Parents: Henry and Eleanor Chaplin
Local addresses: Rudkins Farm, Lt Bromley
Unit: Norfolk Regiment, 2nd Bn.
Regimental Number: 8473
Died: P.O.W. 20 Sept 1916 (aged 25)
Commemorated: Panel 10, Basra Memorial, Iraq.
Howard Menelson Chaplin was born in 1891, at Lawford, probably in Aldhams Cottages where his family lived at the time. Howard's father Henry was an agricultural labourer who had been born in Little Bromley, whilst his mother Eleanor was from Dedham; they had eight children together.
At some point between April 1901 and April 1911, the Chaplin family moved to Rudkins Farm, which then stood on Ardleigh Road, Little Bromley, just opposite to Norman's Farm. Howard's occupation on the 1911 Census is shown as a Farm Labourer.

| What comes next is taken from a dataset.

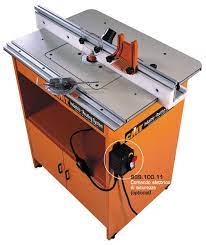 cmt router table cabinet uk tools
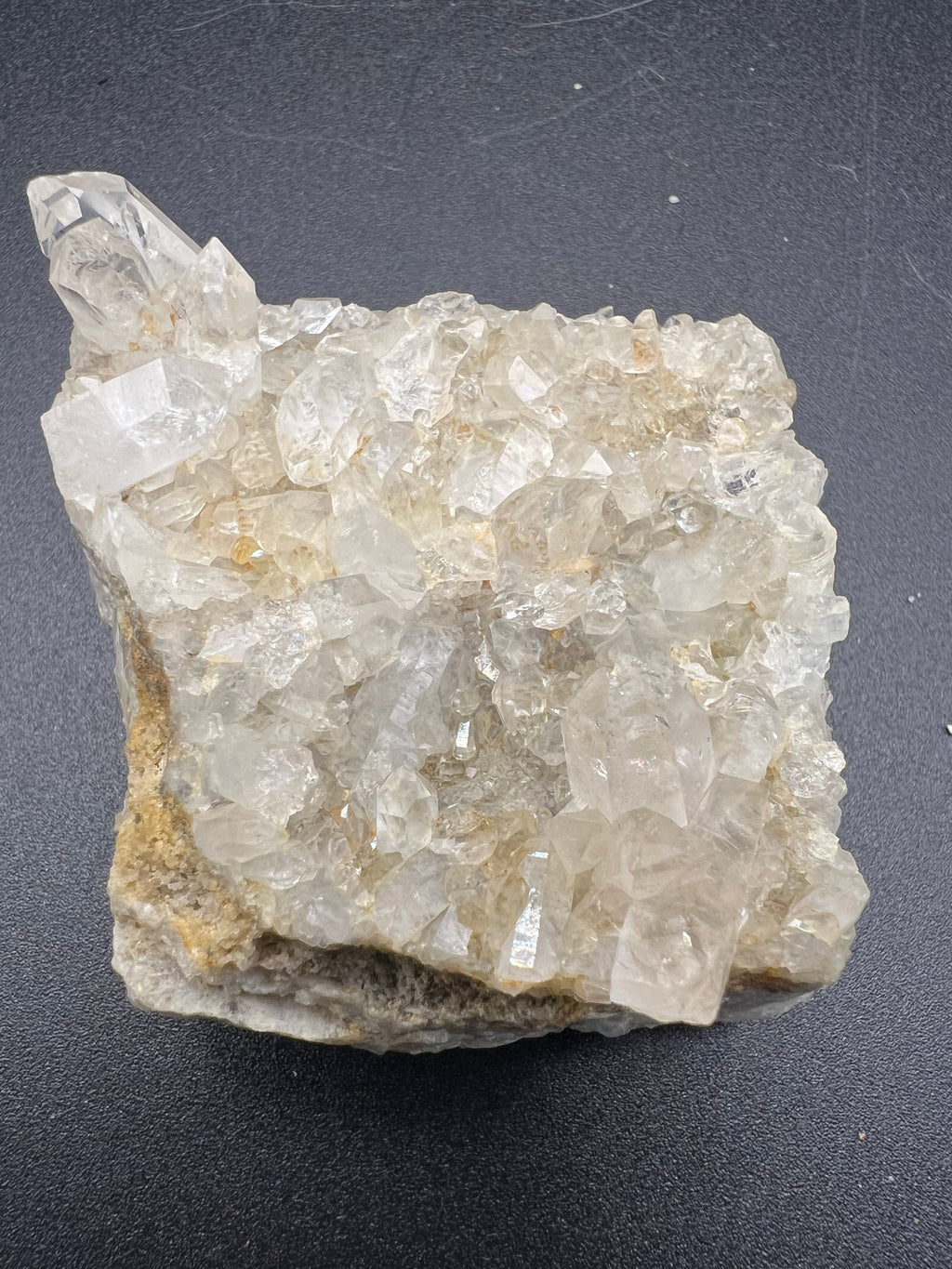 ✨Arkansas Quartz Cluster✨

Prior to the outbreak of the Great War, Howard volunteered to join the Norfolk Regiment, and by August 1914 it appears that was serving as a Private with the Regiment's 2nd Battalion in India. He enlisted in Ipswich.

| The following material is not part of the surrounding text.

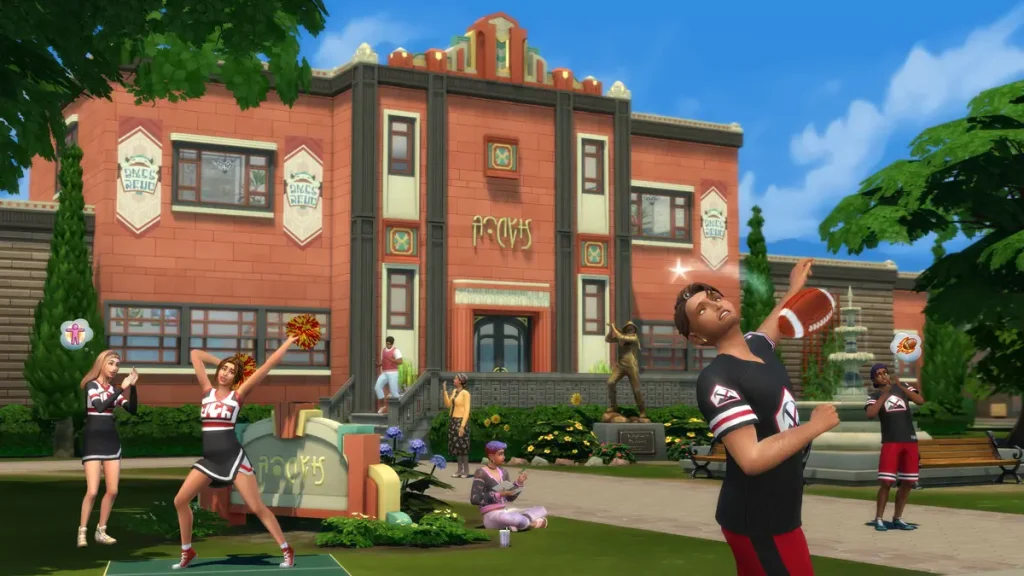 The Sims 4 Cheats For Xbox Ps4 Ps5 And Pc 5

Howard's Battalion landed on 15th November 1914 in Mesopotamia (modern day Iraq) which was then part of the Ottoman Empire also known as the Turkish Empire. The 2nd Norfolks were part of an Expeditionary Force which mainly consisted of Indian units. It was despatched in an attempt to defend the oilfields in neighbouring Persia (modern day Iran) from the Turkish forces in Mesopotamia, following the Ottoman Empire's entry into the War on the side of Germany and Austria-Hungary.
Howard was captured by the Turks, almost certainly at the town of Kut Al Amara on 29th April 1916. After 147 days of being besieged by Turkish forces, and with the defenders ravaged by starvation and illness, the British Commander Major-General Townshend surrendered his troops unconditionally.
Of the 13,300 strong garrison who surrendered at Kut, approximately 1,500 were exchanged. The remainder, including 2,600 British, were force-marched the 100 miles to Baghdad, and from there most were then sent to Anatolia in Turkey. Over the next two and half years in captivity nearly two thirds of the British prisoners and half of the Indian prisoners died as a result of cruelty and neglect in appalling conditions.
Howard Chaplin died in captivity on 20th September 1916, aged 25. After the war Howard was officially commemorated on the Basra Memorial, in Iraq. The Memorial commemorates more than 40,500 members of the Commonwealth forces who died in the operations in Mesopotamia from the autumn of 1914 to the end of August 1921, and whose graves are not known.